Sarà anche una banalità, ma talvolta si ha la prova provata che il rock’n’roll fa bene alla salute, e mantiene giovani nonostante il tempo che passa inesorabilmente. E’ il caso dei losangelini Buckcherry, che festeggiano i trent’anni di carriera, ma suonano ancora come dei ventenni divorati dal sacro fuoco della musica.
Formatisi in California nel 1995, nel corso degli anni, la band ha superato rotture, cambi di formazione e le sabbie mobili del lockdown e della pandemia. Josh Todd, cazzutissimo frontman, nonostante abbia acquisito di recente lo status di grandfather, è ora l'unico membro originale, affiancato da Stevie Dacanay (chitarra), Billy Rowe (chitarra), Kelly LeMieux (basso) e Francis Ruiz (batteria).
L'undicesimo album della band, Roar Like Thunder,
esplode di energia pura e di una spavalderia che ha pochi eguali, è un
disco che si rifiuta di invecchiare, mostrando i muscoli, alzando il
volume, e incarnando lo spirito selvaggio del quintetto, gagliardo e
traboccante d’entusiasmo come se si fosse appena affacciato sulla scena.
I Buckcherry hanno registrato l'album ai Sienna Recording Studios di Nashville, collaborando nuovamente con il produttore di vecchia data, Marti Frederiksen (Aerosmith, Mötley Crüe e Ozzy Osbourne) e con il tecnico del suono Anthony Focx, noto per il suo lavoro con Metallica e Aerosmith. Il risultato è un disco moderno e incisivo, ma saldamente radicato nella tradizione hard rock, che sfrutta i punti di forza della band: riff audaci e vertiginosi, ritornelli di facile presa e, soprattutto, la voce di Josh Todd, sempre potente e grintosa, nonostante i cinquantacinque anni indicati dall’anagrafe.
La title track, "Roar Like Thunder", chiarisce subito che da queste parti non si fanno prigionieri, scatta travolgente con un ritmo da treno in corsa e piazza un ritornello che ti rimane in testa per giorni. Mettete le cinture e tenetevi forte, perché l’alta velocità rischierà di farvi capottare. "When The Sun Goes Down" è pura adrenalina punk rock, è arrabbiata e sporca, quel che basta per lasciarvi l’unto sotto le unghie, mentre "Come On" richiama i classici AC/DC con il suo groove martellante e le chitarre che friggono di spavalda elettricità.

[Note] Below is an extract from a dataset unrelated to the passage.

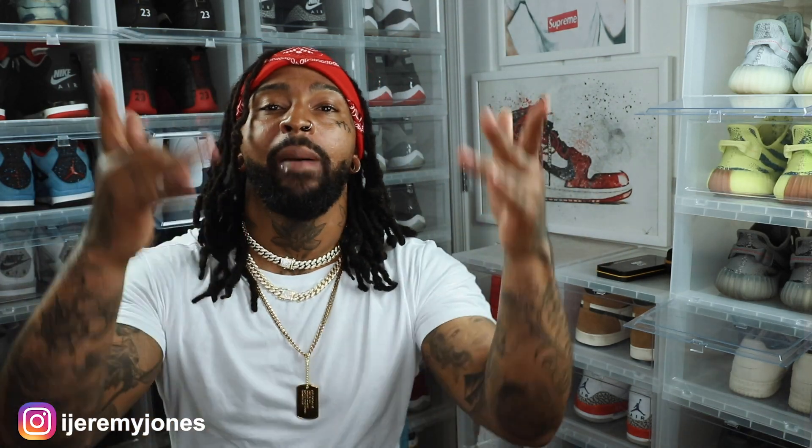What's up everybody? My name is Jeremy Jones and I am back with another video. Today we're talking the Adidas Yeezy 380 Pepper. So stay tuned.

Ci sono momenti in cui la band si attiene un po' troppo alla stessa formula e se sperate qualche cambio di rotta, qui non la troverete. Alcuni testi sfiorano i cliché (beh, che vi aspettate, che Josh Todd smetta di parlare di donne e alcol?), e un paio di brani sembrano già ascoltati decine di volte, ma, ciononostante, l'energia e la convinzione tengono alto il livello. Insomma, i Buckcherry fanno sempre lo stesso disco, ma lo sanno fare benissimo.
Poi, ogni tanto aggiungono qualche nuova spezia, e allora ben vengano canzoni come "Blackout", evidente omaggio ai Rage Against The Machine, o "I Got Bloom", che gira dalle parti degli Aerosmith più incazzati e tira bordate alzo zero grazie a un arrangiamento di ottoni sputa fuoco.
Nel
lotto c’è anche "Hello Goodbye", un midtempo telefonatissimo ma
egualmente centrato nel ritornello e la conclusiva "Let It Burn"
tiratissimo shock rock, che entra in derapata nei padiglioni auricolari
facendoli sanguinare.
Stilisticamente, Roar Like Thunder è puro Buckcherry sound: riff incalzanti, ritmi adrenalinici e un mood orgogliosamente ancorato allo sleaze e alla spavalderia dell'hard rock classico. La band, inoltre, porta con sé, esibendole come una medaglia, le sue influenze, dagli AC/DC agli Aerosmith, ma possiede la consapevolezza e la grinta per farle proprie.
Insomma, Josh Todd non cerca di inseguire le mode, e non ha mai smesso di essere coerente al proprio credo, che è quello di offrire un rock’n’roll diretto, sudatissimo e fiero delle proprie origini. Quindi, se avete voglia di zompare come grilli tra il salotto e il soggiorno, alzate il volume dello stereo e scatenatevi al suono di Roar Like Thunder. Con buona pace dei vicini e, se siete anzianetti come il sottoscritto, anche della cervicale.